I still occassionally hit the highways for work or on vacation, but more often than not, I’m walking or biking to a Metro station for ordinary trips around Washington DC. When it comes to accessing transit, the busy roads that once fascinated me are more of an obstacle. For example, to get to the Silver Spring Metro, I need to cross Georgia Avenue, a six-lane road with heavy traffic, few crosswalks, and long wait times for a light. It can be gritty and noisy. I’ve seen pedestrians risk their lives when they get fed up with waiting for the light to turn and decide to jaywalk.
My unpleasant experience navigating busy streets to get to transit is not uncommon.

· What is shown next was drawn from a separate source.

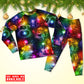 Santa Snowman Christmas Tree Lights Long Sleeve Pajamas Set For Christmas Mornings And Relaxed Lounging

Across the United States, we have invested billions of dollars into high frequency transit systems surrounded by roadways that make it difficult and unsafe to reach by foot or bike. When a station is built next to a freeway, it is impossible to travel to a station on foot at all, or to get there by the shortest route. Here are some examples from the National Transit Station Atlas’ Stations page.

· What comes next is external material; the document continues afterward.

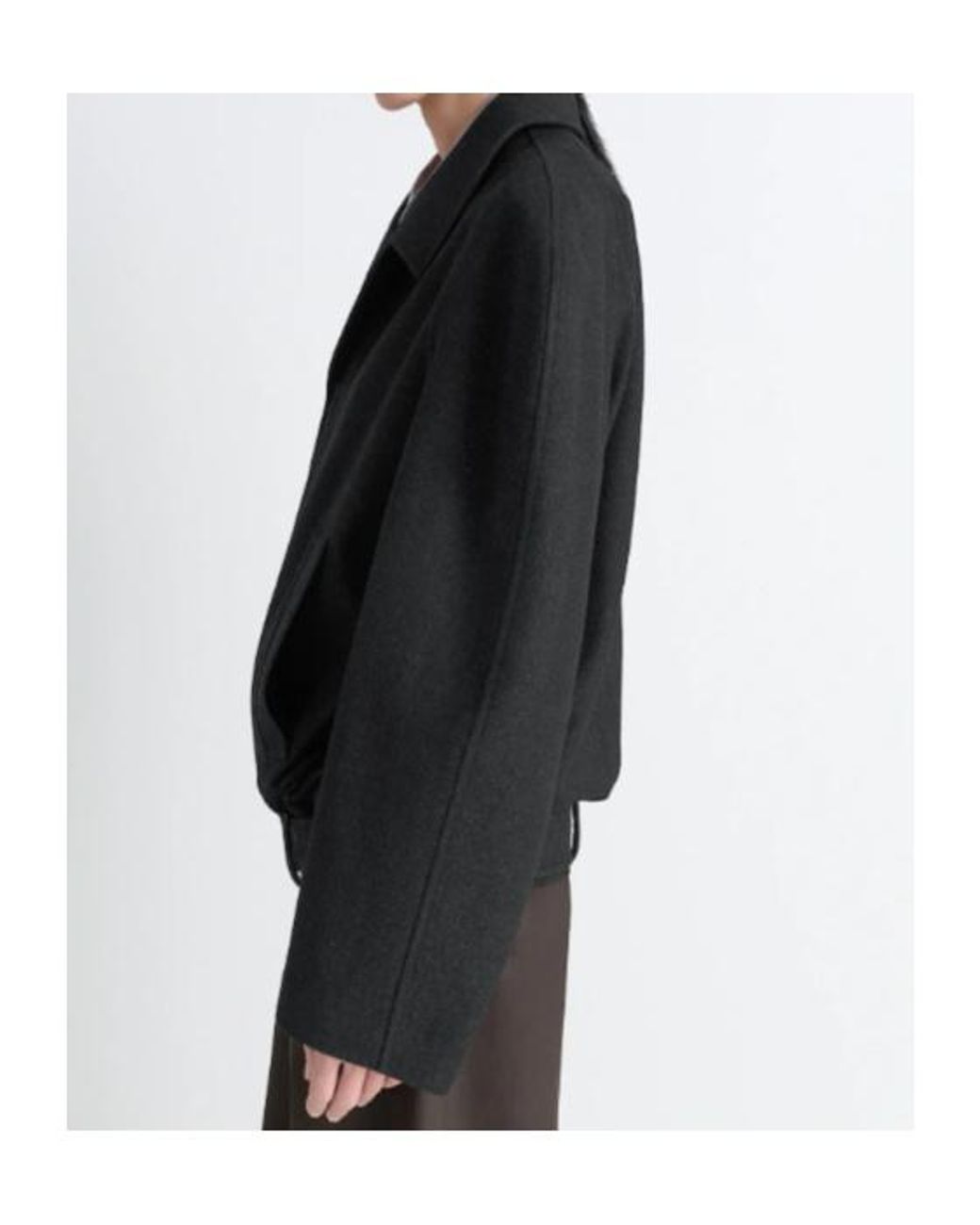 Lemaire Black Raglan-Sleeve Belted Jacket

The above images show six of the 98 WMATA metro stations with circles representing a ¼ mile radius around the station.
Maps like the ones shown above don’t just help provide directions, they tell a story about the infrastructure choices we have made and the impact of our decisions. Sometimes these consequences are so ubiquitous that they become “hidden in plain sight.” My website, the National Transit Station Atlas helps users better understand their built environment and suggests places where infrastructure is hostile as well as helpful, so that communities can work towards positive change. Transit agencies can identify which stations face the most severe access barriers. Developers can understand land use conflicts around proposed transit-oriented development. Community advocates can document infrastructure inequities with data, not just anecdotes.
Measuring area, not just detecting presence, transforms the analysis from descriptive to policy-relevant. Saying "there's a motorway near this station" is obvious from looking at a map. But saying "15% of walkable land around this station is consumed by high-speed car infrastructure" quantifies a land use conflict that transit planners and developers can actually debate and address.
This blog posts describes my work to quantify and communicate roadway data around transit stations. I begin with my website’s core data tool: OpenStreetMap.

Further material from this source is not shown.